Com certeza. Pra mim escrever é sentir. Eu me sinto muito mexido com esse cenário todo que a gente acabou de falar. De uma forma ou de outra, mesmo se eu for falar de amor, talvez em um duplo sentindo eu esteja falando da população com ela mesma, ou do governo com ele mesmo. “Existencial” é um álbum que traz questões como “Quem eu sou? Quem as outras pessoas acham que eu sou? Quem eu quero ser e como eu quero ser?”. Tem uma música que se chama “Reprise dos Séculos”, que ela fala sobre isso: “Eu vivo a reprise dos séculos, eu enxergo a reprise dos séculos”. A gente vive tudo o que já foi, a gente vê o Bolsonaro fazendo uma passeata que o Mussolini fez, tudo reprisa. Então tudo isso, com certeza, influencia na minha música e pensamento político — por mais que talvez não seja tão escancarado, mas em camadas mais profundas de entendimento e reflexão.

Qual a mensagem que você quer transmitir com as suas músicas?

Eu quero deixar a vida um pouco mais leve. Eu vejo que os meus fãs sempre falam disso, de que mesmo que o dia tenha sido difícil, como aquela música ajudou quando ele chegou em casa e deitou na cama ou foi dar uma volta e contemplar a natureza.
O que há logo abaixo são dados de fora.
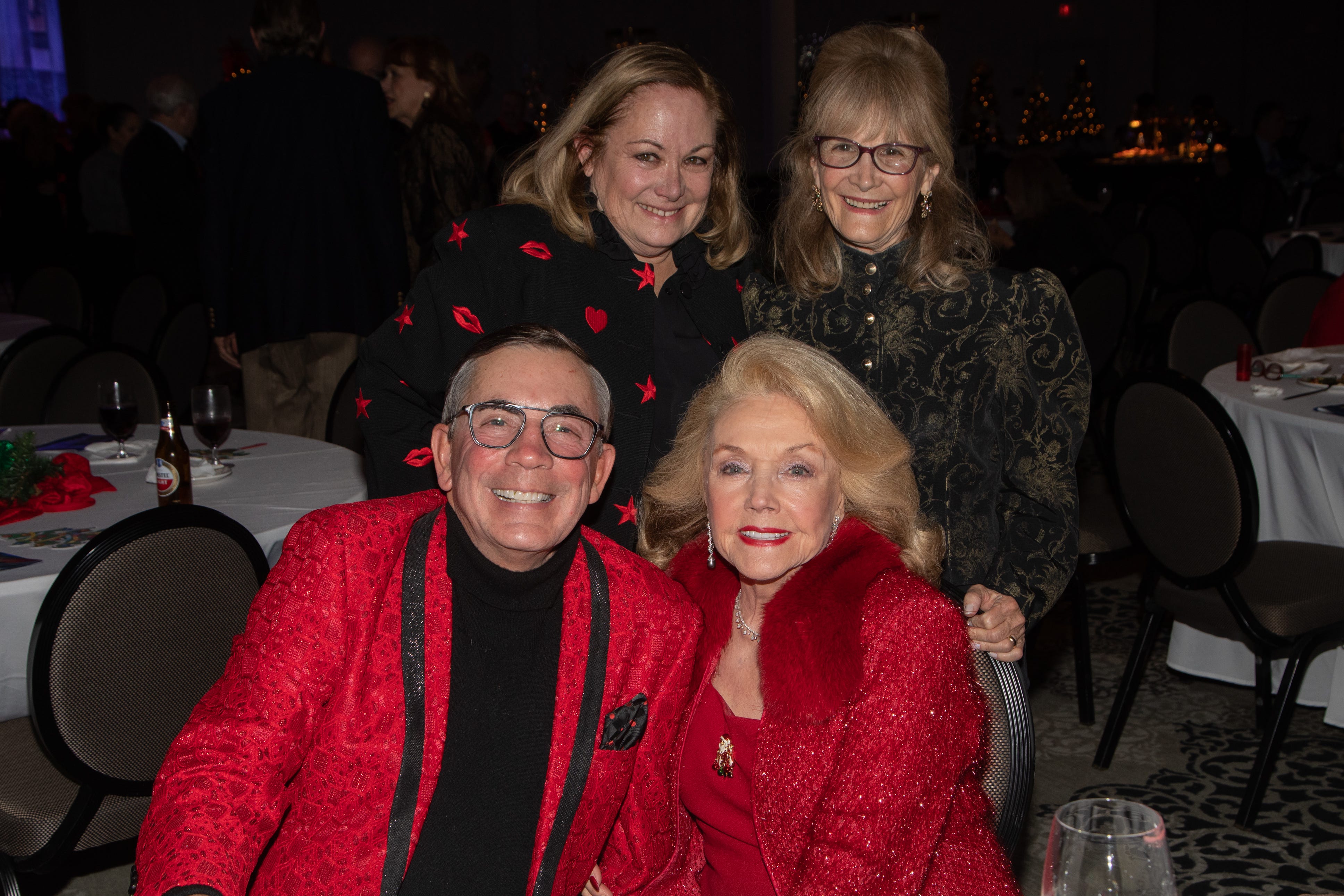 Norma Greer Fishkind poses with Peggy Cravens, Ann Greer and Mayor Robert Moon at Christmas Tree Lane on Dec. 3, 2019.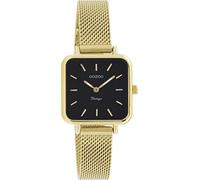 Oozoo Vintage Women's Watch - Women's Watch with 12 mm Metal Mesh Strap - Analogue Women's Watch Square, Black/Gold, Bracelet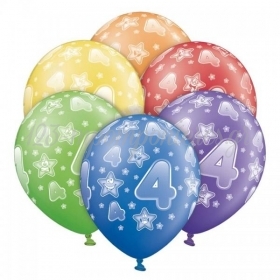Τυπωμενα Μπαλονια Latex «4» Σε 6 Χρωματα 12΄΄ (30Cm) – ΚΩΔ.:1300119-Bb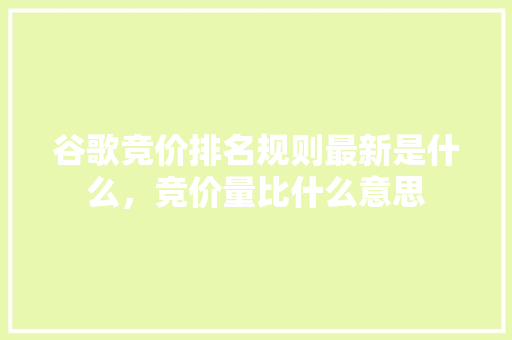 谷歌竞价排名规则最新是什么，竞价量比什么意思 百度SEO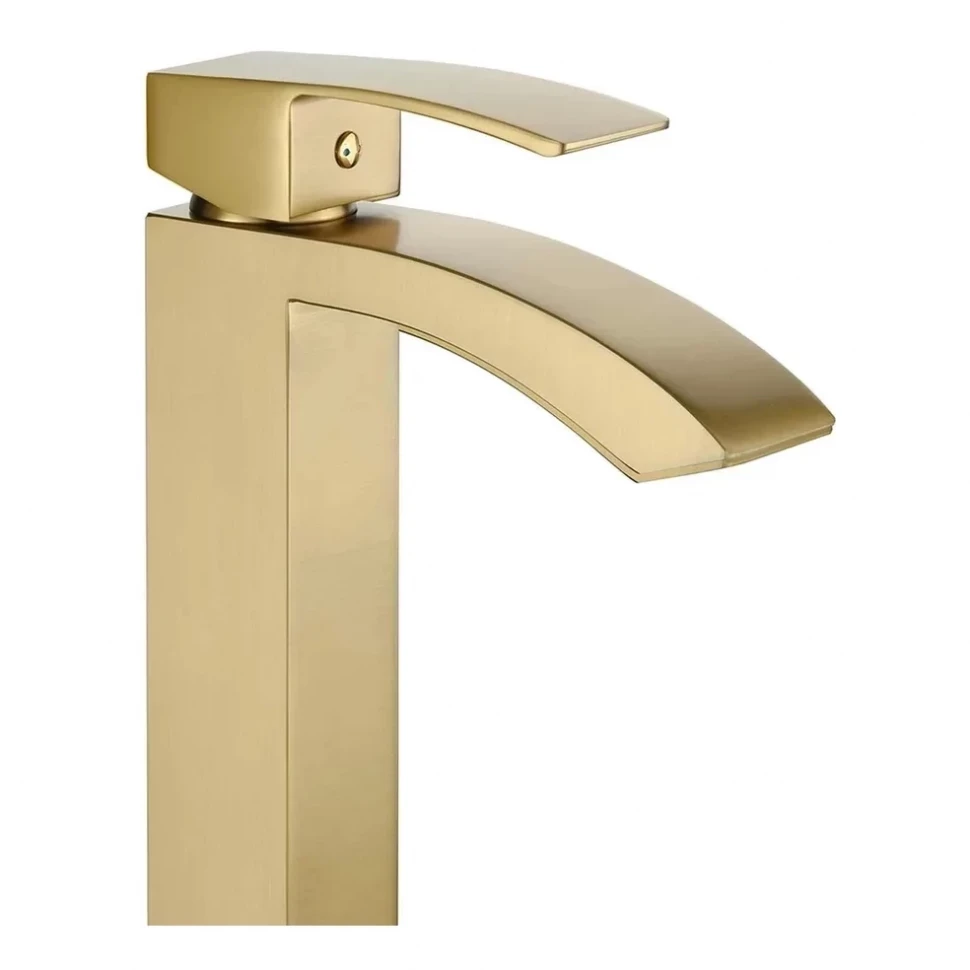 Смеситель для раковины высокий Grocenberg GB3007, матовое золото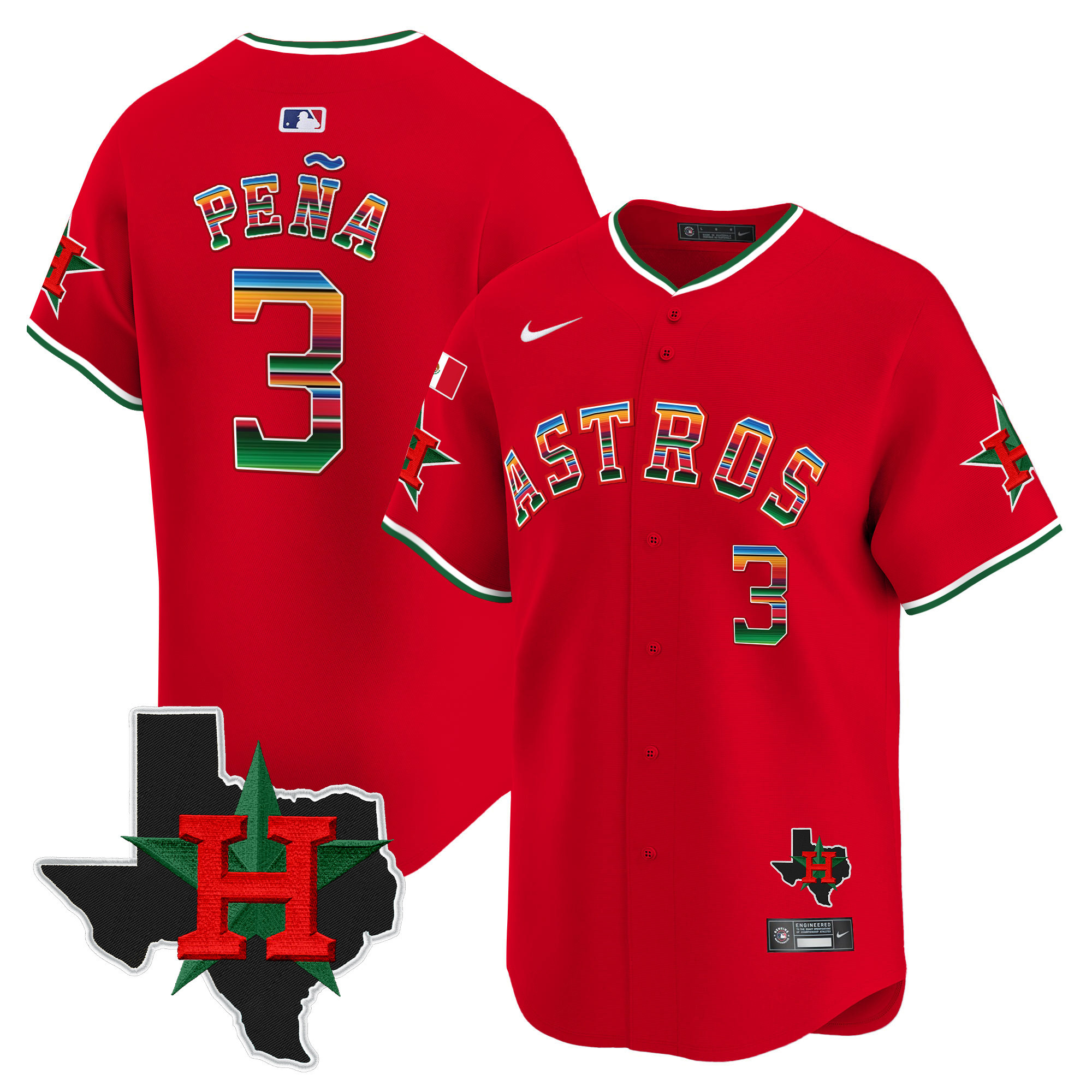 Men's Jeremy Pena Mexico Texas Patch Vapor Premier Limited Red Houston Astros Jersey V2 - All Stitched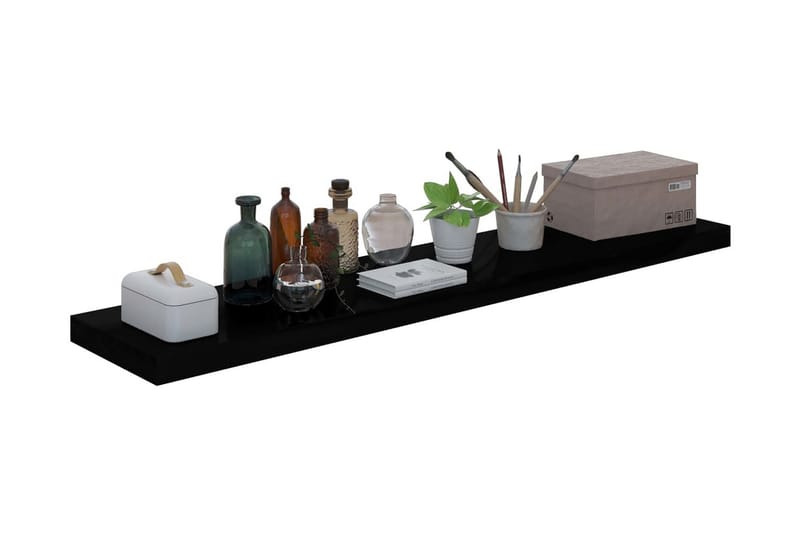Svävande vägghyllor 2 st svart högglans 120x23,5x3,8 cm MDF - Svart - Förvaring - Köksförvaring - Kökshylla
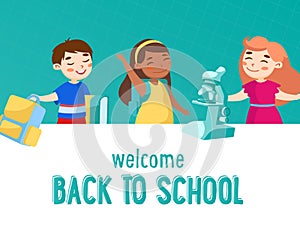 Welcome Back to School Concept. Little Kids Schoolers or Preschoolers with Books, Rucksack and Microscope Waving Hand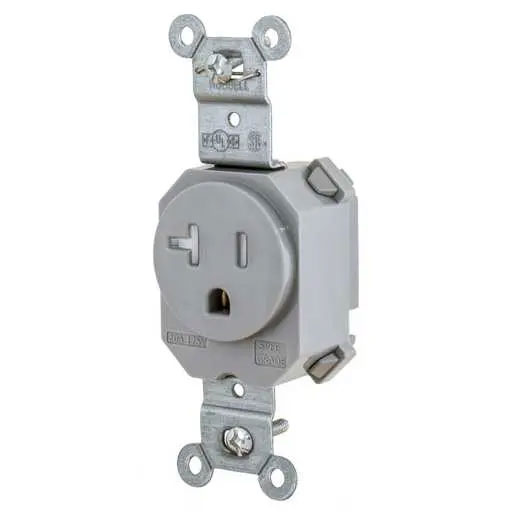 Bryant Hubbell Wiring Device-Kellems Snap Single Receptacle 5-20R 20A 125V Tamper-Resistant Gray (SNAP5361GYTR)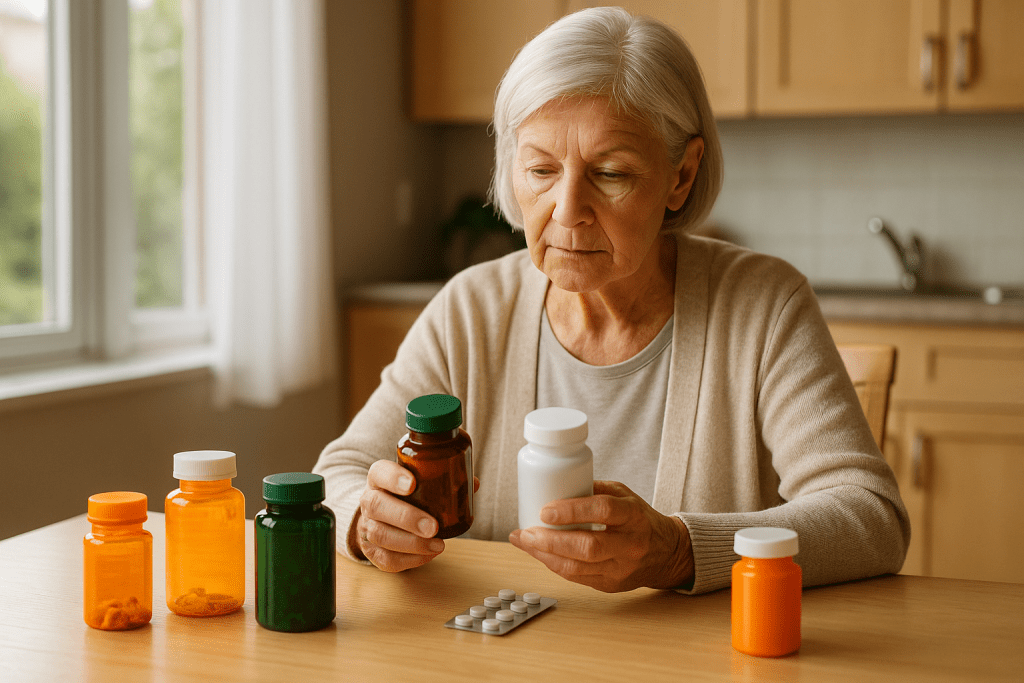 Senior woman checking supplements with prescription meds for elderly drug interactions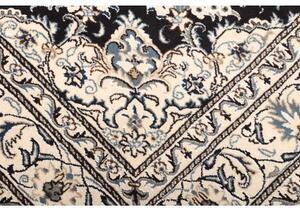 Tappeto Nain Kashmar Medaglione Floreale Blu Notte Avorio 165x245 Cm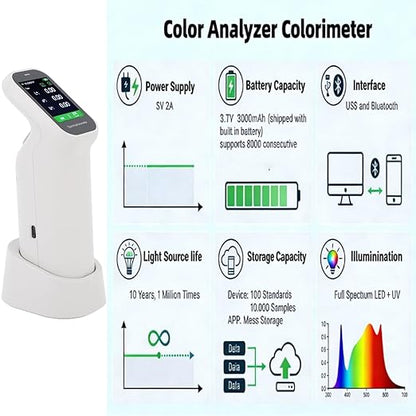 Portable Handheld Colorimeter Spectrophotometer, Auto Calibration Color Difference Tester with 6mm Test Aperture and IPS Touchscreen, Color Measurement Instrument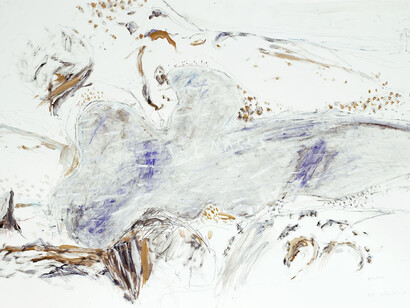 Mario Raciti, Benacus, 2015, tempera, pastello e grafite su carta, 70 x 100 cm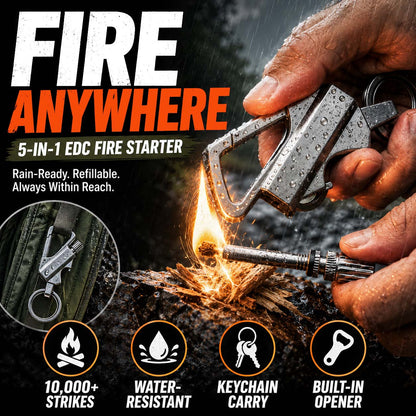 🔥 EDC Waterproof Fire Starter Keychain | Refillable Survival Lighter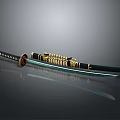 Traditional Japanese Katana Sword with Black Handle Golden Decorations and Silver Blade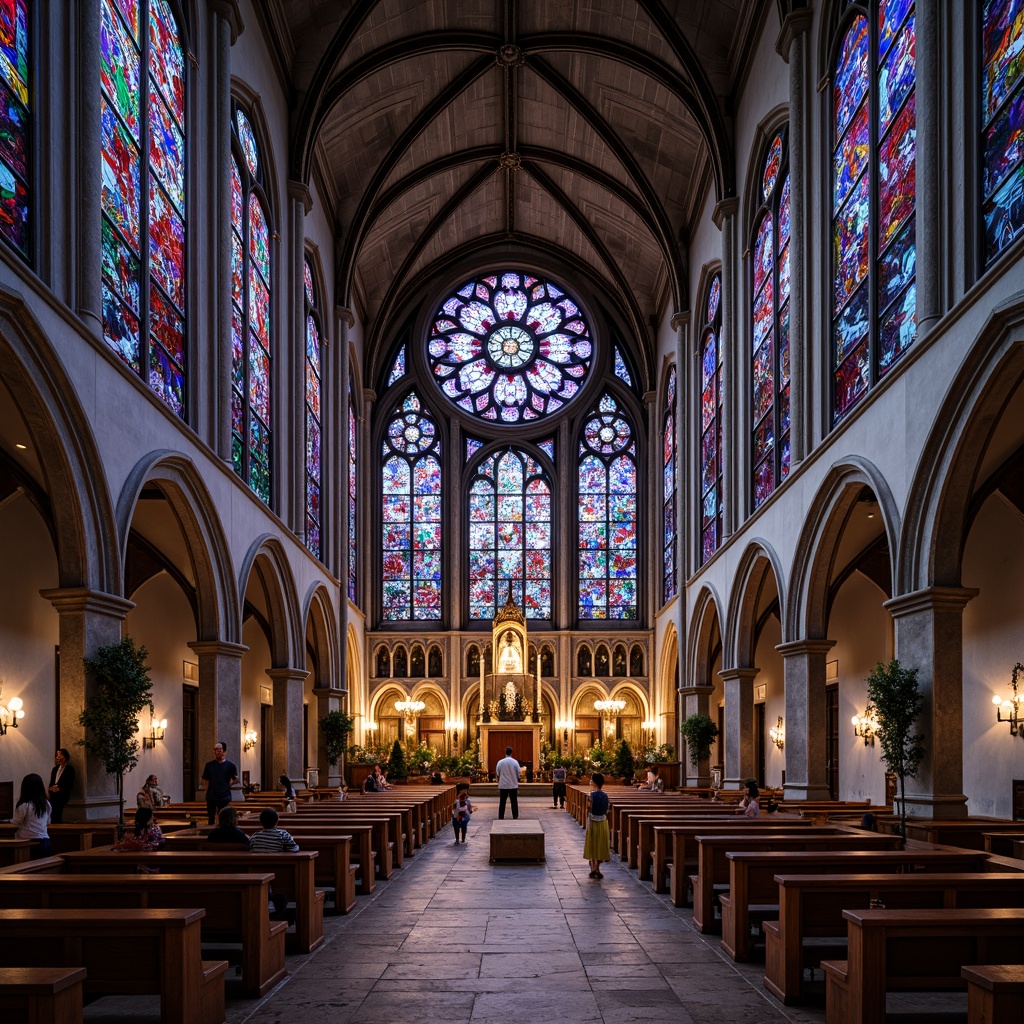 Prompt: Vibrant stained glass windows, intricate stone carvings, ornate Gothic arches, ribbed vaults, flying buttresses, grand cathedrals, majestic rose windows, kaleidoscope colors, soft diffused light, mystical ambiance, sacred atmosphere, divine inspirations, ancient craftsmanship, rich textures, detailed patterns, symbolic motifs, heavenly illuminations.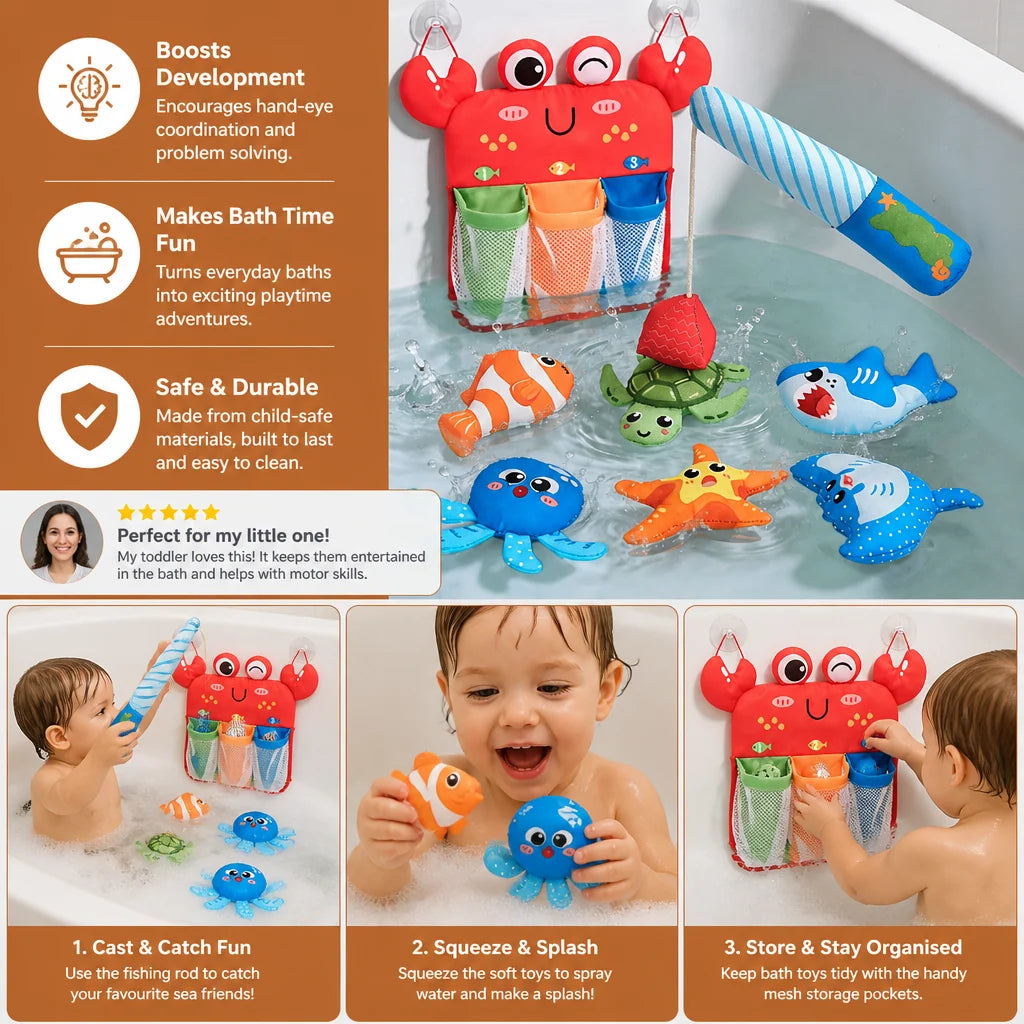 Bath Toy Set Magnetic Fishing Floating Animals & Mesh Net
Eu acho que esse papel transformador é onde eu almejo chegar, no coração e na mente das pessoas. Eu vejo a arte como revolucionária e transformadora. Quando você escuta uma música, você consegue assimilar melhor. Quantas vezes nós já passamos por isso, de entrar em contato com músicas que falaram coisas pra gente. Para mim, o papel da música, e principalmente da música que eu busco fazer, é o papel transformador na vida das pessoas. Papel reflexivo e questionador.

Ao longo da sua carreira, tem alguma canção que mais te marcou?

Eu sou completamente suspeito para dizer isso agora, porque realmente no meio do álbum “Existencial” existem músicas muito especiais. Mas, se eu for olhar lá para trás, várias coisas me marcaram, como o feat com o Fagner, que é uma lenda na música.

A música “Menina”, que eu gravei com a minha namorada me marcou muito também, eu gravei a primeira versão em “Crônicas de Um Amor”, quando eu fiz para ela. E depois, em “Ressignificar”, ela fez o feat comigo. “Mar Revolto”, uma música do meu primeiro álbum, também foi muito importante. “Bruxa”, com Kamaitachi, e “Castelo de Areia”, com Konai, foram parcerias de caras que me deram a mão, e que são de uma nova geração muito boa, que está vindo com tudo.

Mas, hoje, sendo completamente suspeito, “Existencial”, desde a faixa 1 até a 11 — ou até a faixa 14, estamos decidindo ainda — são músicas que me marcam muito. Pois falam de uma mudança e de uma reestruturação de tudo, na forma de dizer, cantar, mostrar. Vai mostrar uma nova face de mim que talvez, até ontem, nem eu mesmo soubesse. É realmente um período bem transformador.